MATERIAL TO PROCESS:
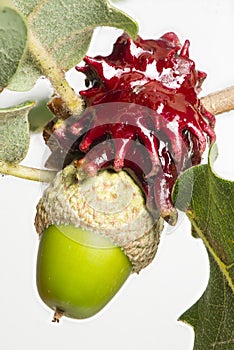 gall growing on acorn of oak tree photo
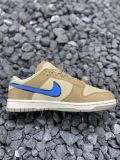 Nike Dunk low/brown/blue DO6712-200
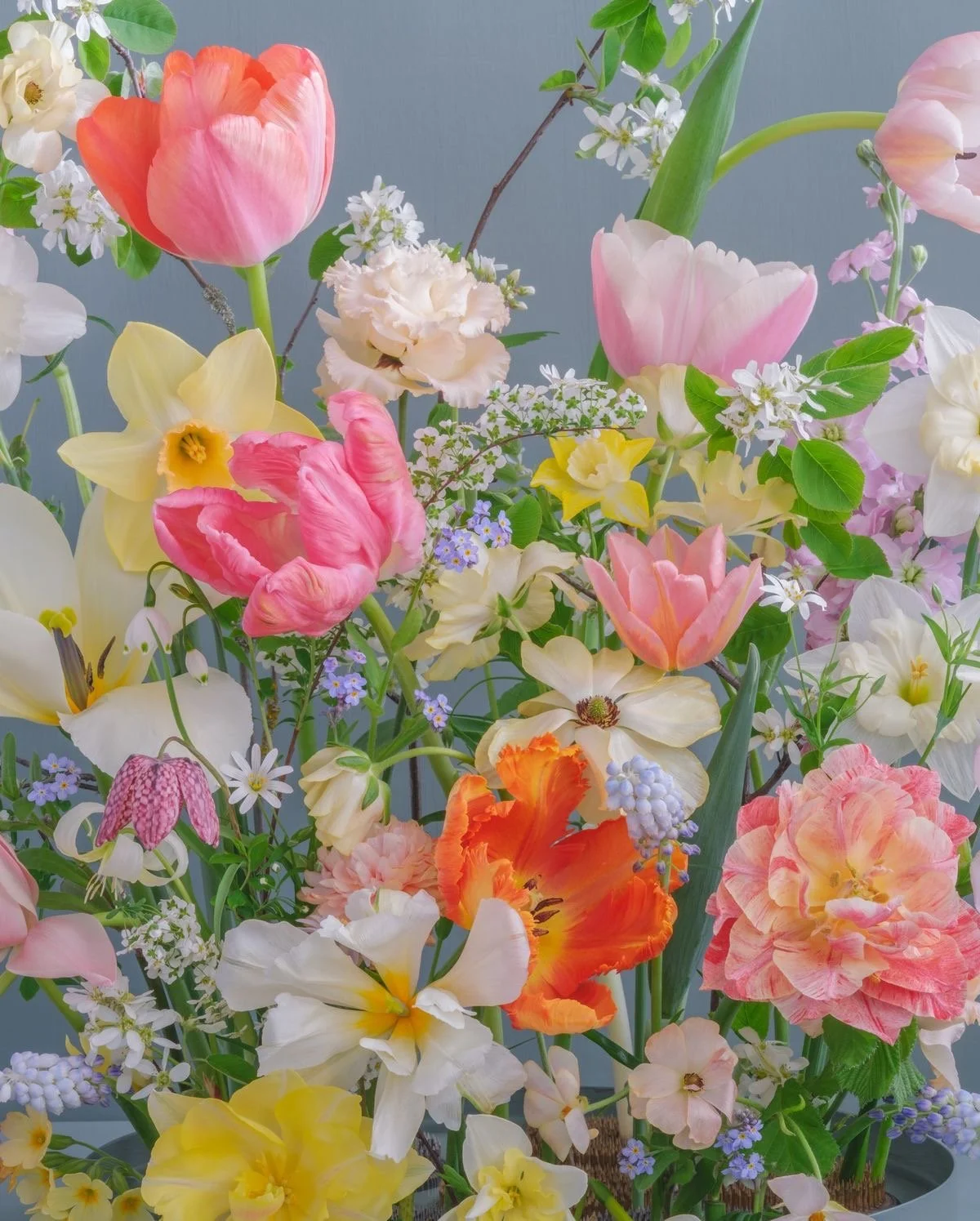 Designer's Choice $125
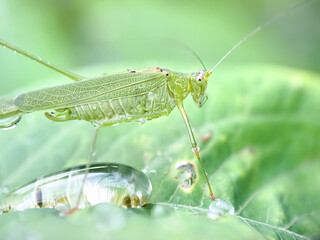 Close up of catydids (Scudderia furcata)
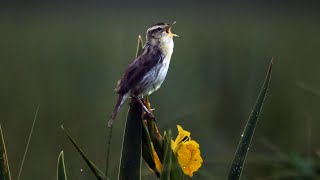 Aquatic warbler in the wild  Film Studio Aves [upl. by Zeitler]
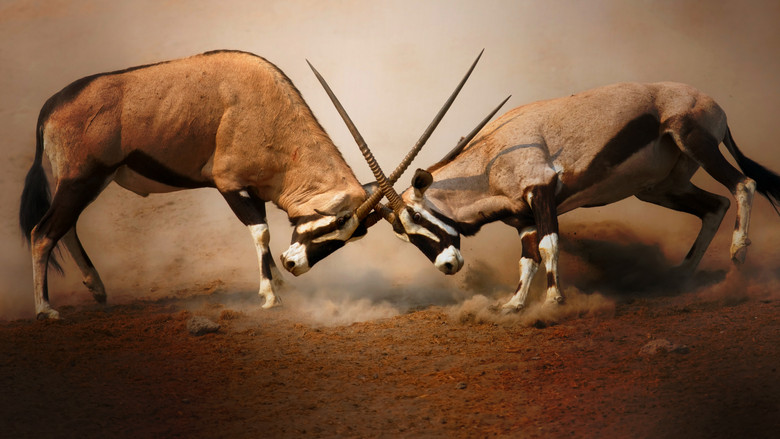 Animal Fight Night still 3
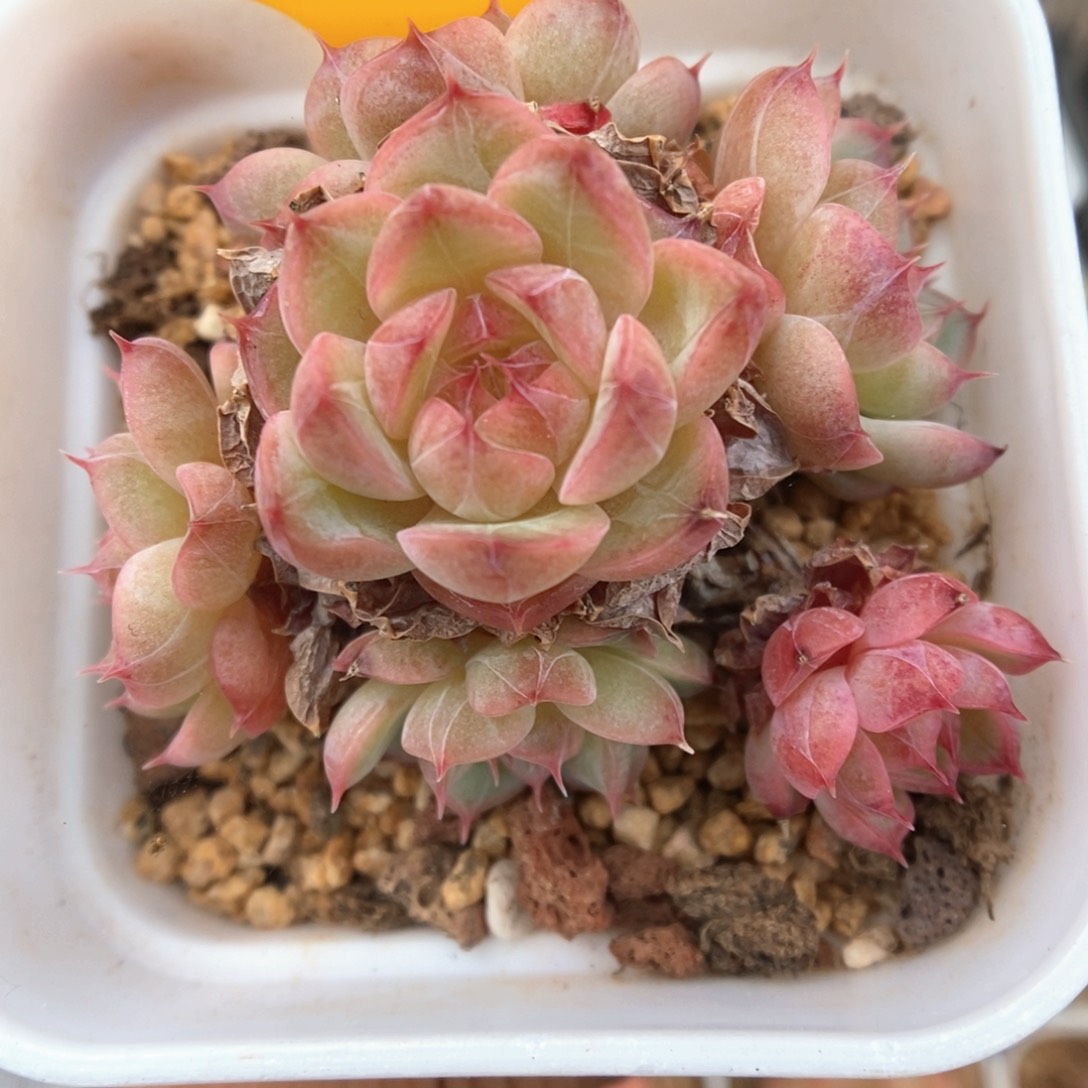 缤纷珍妮群生665号。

TASK BRIEF: Reproduce verbatim every line starting at the line that holds "Close up of catydids (Scudderia furcata)" and ending with the final line of the data; omit the pictures.

ANSWER TO THIS PROBLEM:
 Close up of catydids (Scudderia furcata)
 Aquatic warbler in the wild  Film Studio Aves [upl. by Zeitler]
 Animal Fight Night still 3
 缤纷珍妮群生665号。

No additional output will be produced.